## [What this task involves]
The records below hold a stretch from the line with "Hey guys, welcome to" through the line with "When setting up"; return exactly those lines, ends included, and nothing more.

** Data shown follows **

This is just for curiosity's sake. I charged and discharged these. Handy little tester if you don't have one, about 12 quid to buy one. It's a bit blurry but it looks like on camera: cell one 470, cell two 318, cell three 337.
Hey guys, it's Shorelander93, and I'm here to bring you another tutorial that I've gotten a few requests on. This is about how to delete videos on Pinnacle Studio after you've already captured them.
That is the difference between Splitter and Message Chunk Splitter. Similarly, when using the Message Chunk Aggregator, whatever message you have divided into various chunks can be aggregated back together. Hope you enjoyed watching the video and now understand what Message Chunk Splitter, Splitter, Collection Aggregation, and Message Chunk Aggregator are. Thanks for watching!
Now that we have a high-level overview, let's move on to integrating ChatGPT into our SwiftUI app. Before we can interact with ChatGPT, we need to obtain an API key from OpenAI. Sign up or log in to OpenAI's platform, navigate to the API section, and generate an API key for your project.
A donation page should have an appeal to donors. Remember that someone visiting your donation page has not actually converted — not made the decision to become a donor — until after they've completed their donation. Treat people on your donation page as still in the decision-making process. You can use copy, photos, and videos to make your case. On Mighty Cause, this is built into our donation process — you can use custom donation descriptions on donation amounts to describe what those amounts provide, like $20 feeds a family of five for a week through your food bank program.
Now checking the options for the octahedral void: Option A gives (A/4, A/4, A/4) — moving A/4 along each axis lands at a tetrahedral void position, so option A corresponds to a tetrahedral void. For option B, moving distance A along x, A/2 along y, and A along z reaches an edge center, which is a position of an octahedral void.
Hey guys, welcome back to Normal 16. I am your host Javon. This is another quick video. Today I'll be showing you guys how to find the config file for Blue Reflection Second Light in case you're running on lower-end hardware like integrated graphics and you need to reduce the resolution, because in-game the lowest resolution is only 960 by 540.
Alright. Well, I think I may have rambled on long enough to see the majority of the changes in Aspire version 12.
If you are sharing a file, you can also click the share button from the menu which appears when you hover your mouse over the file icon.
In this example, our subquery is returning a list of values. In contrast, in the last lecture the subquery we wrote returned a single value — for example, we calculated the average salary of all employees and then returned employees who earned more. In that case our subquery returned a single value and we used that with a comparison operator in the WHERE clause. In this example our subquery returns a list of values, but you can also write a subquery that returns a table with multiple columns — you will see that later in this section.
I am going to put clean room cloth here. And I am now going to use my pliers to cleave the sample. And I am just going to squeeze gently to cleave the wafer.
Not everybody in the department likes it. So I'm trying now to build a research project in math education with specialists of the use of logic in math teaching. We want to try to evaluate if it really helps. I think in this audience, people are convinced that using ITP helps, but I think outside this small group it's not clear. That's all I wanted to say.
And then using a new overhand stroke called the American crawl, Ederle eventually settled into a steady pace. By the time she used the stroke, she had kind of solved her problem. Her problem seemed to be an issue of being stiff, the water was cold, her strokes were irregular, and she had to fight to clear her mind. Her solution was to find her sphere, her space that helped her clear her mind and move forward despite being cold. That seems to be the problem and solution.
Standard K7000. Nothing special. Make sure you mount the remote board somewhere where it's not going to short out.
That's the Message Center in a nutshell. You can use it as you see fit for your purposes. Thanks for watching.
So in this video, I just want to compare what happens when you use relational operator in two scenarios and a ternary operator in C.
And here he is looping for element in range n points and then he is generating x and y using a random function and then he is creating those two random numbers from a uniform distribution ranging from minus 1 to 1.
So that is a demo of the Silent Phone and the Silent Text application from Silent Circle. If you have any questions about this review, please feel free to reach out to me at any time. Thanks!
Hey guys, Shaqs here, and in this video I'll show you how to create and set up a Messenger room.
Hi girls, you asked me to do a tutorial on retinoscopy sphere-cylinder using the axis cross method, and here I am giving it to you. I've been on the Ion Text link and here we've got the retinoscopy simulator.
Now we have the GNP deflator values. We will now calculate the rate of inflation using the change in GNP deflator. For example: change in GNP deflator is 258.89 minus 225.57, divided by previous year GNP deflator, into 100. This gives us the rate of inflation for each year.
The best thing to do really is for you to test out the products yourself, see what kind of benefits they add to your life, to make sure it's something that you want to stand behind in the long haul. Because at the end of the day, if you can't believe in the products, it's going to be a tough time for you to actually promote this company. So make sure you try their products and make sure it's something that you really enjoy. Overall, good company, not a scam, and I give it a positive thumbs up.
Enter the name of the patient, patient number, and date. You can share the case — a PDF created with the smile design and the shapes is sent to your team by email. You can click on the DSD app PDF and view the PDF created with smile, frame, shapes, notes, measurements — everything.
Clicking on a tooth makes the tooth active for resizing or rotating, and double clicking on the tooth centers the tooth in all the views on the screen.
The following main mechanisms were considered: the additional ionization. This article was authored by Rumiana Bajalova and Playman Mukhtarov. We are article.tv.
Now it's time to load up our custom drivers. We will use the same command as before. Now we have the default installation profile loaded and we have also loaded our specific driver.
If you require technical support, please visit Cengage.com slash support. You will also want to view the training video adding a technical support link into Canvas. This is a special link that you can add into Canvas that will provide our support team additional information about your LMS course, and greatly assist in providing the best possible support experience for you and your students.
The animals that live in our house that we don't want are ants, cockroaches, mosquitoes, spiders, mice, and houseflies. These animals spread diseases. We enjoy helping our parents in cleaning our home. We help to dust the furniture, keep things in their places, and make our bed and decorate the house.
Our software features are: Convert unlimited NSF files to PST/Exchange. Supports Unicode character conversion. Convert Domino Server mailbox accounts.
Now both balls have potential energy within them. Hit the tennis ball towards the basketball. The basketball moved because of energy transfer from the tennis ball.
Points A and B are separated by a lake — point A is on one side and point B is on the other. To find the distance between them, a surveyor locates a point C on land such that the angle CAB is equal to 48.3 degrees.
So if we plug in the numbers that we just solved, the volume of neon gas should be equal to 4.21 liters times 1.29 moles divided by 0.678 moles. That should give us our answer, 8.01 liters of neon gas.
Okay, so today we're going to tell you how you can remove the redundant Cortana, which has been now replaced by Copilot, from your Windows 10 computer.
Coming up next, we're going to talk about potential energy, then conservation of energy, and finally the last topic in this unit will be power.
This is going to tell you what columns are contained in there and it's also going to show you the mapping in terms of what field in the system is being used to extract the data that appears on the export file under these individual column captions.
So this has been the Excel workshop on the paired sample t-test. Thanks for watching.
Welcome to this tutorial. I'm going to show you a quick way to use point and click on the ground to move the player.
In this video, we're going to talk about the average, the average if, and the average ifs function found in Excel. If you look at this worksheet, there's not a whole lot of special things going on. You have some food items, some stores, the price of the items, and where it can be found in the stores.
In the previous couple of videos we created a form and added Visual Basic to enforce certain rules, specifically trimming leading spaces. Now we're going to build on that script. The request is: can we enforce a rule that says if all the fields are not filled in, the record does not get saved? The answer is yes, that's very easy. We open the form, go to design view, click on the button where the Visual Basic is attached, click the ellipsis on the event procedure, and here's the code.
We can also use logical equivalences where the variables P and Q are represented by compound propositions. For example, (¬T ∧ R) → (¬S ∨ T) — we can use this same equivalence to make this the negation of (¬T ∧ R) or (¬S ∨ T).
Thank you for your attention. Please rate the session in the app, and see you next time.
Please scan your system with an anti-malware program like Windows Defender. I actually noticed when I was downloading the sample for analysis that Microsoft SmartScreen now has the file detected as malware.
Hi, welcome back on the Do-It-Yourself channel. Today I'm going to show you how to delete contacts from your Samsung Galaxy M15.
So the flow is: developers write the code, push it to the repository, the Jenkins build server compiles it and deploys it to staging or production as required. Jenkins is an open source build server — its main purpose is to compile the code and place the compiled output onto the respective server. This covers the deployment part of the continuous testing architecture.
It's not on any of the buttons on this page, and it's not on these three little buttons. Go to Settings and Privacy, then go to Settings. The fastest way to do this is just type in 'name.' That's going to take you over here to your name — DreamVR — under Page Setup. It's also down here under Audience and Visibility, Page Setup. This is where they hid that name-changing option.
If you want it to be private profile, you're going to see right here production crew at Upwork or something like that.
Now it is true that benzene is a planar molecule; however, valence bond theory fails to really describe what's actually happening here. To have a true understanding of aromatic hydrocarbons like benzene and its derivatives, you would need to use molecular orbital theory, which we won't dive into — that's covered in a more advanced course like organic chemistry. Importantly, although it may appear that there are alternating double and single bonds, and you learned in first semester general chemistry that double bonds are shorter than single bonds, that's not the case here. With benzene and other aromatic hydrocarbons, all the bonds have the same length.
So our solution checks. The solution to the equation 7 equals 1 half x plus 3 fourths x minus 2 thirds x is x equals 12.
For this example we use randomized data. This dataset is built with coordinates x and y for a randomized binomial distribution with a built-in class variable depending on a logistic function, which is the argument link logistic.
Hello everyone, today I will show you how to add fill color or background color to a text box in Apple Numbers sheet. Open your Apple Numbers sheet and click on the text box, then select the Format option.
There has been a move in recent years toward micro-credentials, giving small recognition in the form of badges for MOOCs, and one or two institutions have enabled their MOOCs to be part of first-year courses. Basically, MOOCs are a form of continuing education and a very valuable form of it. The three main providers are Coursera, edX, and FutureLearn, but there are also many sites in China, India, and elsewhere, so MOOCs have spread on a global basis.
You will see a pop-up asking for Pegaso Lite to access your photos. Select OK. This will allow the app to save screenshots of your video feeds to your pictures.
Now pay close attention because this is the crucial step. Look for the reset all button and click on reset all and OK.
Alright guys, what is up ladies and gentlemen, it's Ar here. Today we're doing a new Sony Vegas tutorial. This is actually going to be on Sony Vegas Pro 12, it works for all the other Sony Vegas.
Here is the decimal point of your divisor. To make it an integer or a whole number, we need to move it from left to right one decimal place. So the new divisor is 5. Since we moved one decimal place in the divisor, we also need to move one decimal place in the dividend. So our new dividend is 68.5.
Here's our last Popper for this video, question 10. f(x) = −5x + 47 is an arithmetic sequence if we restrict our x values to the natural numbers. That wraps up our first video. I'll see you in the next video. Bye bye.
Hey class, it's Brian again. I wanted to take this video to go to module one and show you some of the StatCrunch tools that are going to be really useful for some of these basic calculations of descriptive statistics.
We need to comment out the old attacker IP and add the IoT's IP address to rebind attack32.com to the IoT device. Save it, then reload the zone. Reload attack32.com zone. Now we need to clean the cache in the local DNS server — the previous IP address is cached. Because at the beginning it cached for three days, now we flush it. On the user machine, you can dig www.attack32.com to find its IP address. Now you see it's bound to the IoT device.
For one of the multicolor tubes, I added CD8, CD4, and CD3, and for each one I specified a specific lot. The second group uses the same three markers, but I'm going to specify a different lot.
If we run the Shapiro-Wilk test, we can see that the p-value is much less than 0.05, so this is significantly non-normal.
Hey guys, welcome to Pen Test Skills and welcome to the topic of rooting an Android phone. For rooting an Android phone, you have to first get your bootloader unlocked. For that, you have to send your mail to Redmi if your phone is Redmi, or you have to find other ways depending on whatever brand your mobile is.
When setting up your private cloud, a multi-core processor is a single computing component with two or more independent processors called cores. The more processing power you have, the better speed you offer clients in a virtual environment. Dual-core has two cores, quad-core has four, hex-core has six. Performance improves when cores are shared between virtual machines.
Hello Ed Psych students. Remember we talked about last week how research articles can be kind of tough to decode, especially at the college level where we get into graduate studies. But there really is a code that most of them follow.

** End of Data shown **

## [Solved exercise]
Hey guys, welcome to Pen Test Skills and welcome to the topic of rooting an Android phone. For rooting an Android phone, you have to first get your bootloader unlocked. For that, you have to send your mail to Redmi if your phone is Redmi, or you have to find other ways depending on whatever brand your mobile is.
When setting up your private cloud, a multi-core processor is a single computing component with two or more independent processors called cores. The more processing power you have, the better speed you offer clients in a virtual environment. Dual-core has two cores, quad-core has four, hex-core has six. Performance improves when cores are shared between virtual machines.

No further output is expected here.